We have all heard that the study of a musical instrument provides the
skills that are also necessary for success in life; discipline, goal
setting, breaking large challenges into smaller more reachable parts,
handling frustration, etc.

Yet, in a much larger way, the music itself, not just the study of it, is
a metaphor for life. Dissonance creates momentum, which moves
toward resolution. Melody must be in equilibrium with its supportive
harmonic background, balance is key (pun intended!). Different
articulations and phrasings can completely alter the meaning of a
melody.

The most important element is the balance, yet in order to achieve the
balance, we must be keenly aware of the melody. What is the
melody of your life? Of your teaching? Is it stated clearly, or is it
smothered by the slightly less important parts?

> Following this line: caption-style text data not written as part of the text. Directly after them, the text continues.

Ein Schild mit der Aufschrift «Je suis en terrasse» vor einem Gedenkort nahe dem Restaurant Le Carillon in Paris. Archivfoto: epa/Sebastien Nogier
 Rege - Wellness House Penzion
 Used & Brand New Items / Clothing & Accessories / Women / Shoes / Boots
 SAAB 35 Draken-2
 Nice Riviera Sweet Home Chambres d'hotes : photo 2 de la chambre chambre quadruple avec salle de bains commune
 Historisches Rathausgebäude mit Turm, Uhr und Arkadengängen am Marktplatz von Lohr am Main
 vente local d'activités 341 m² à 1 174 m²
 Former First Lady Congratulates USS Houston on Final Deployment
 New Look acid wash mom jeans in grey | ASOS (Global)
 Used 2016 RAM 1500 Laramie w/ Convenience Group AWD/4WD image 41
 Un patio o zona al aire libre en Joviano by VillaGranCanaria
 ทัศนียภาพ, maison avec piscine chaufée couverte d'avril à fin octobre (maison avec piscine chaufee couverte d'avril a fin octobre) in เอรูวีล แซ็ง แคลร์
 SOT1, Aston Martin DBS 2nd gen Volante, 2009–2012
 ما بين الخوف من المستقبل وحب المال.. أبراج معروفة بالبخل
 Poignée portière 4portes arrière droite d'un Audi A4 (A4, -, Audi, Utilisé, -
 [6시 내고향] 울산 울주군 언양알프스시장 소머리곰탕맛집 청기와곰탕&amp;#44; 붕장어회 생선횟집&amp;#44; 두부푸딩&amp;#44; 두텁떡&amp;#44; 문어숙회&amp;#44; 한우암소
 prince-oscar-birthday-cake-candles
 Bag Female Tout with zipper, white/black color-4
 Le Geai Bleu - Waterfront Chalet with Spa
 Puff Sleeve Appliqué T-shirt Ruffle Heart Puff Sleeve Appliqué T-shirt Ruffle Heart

I started this year’s MTIPS with the idea that perhaps we should
rethink the idea of goal setting and instead, focus on eliminating that
which distracts us from our primary goals, the melody of our life.
There are some coaches that call this “removing tolerations”. Think
about your lessons with your students? What goes on that is
superfluous? What do you assign them to do that is simply done
because your teacher did it? What do you assign them that is really
best for them?

How much of how we teach is done simply out of tradition? If we
continue to only teach the way we have been taught, then we will
continue to have the results we are having. Now regardless if this is
good news or bad news, I feel as professional music educators, we
have a responsibility to evolve the art of music education. Artists
take risks to express themselves and evolve the art of music making,
We, as music teachers, need to take risks and step out of our comfort
zones as teachers, in order to evolve the art of music education.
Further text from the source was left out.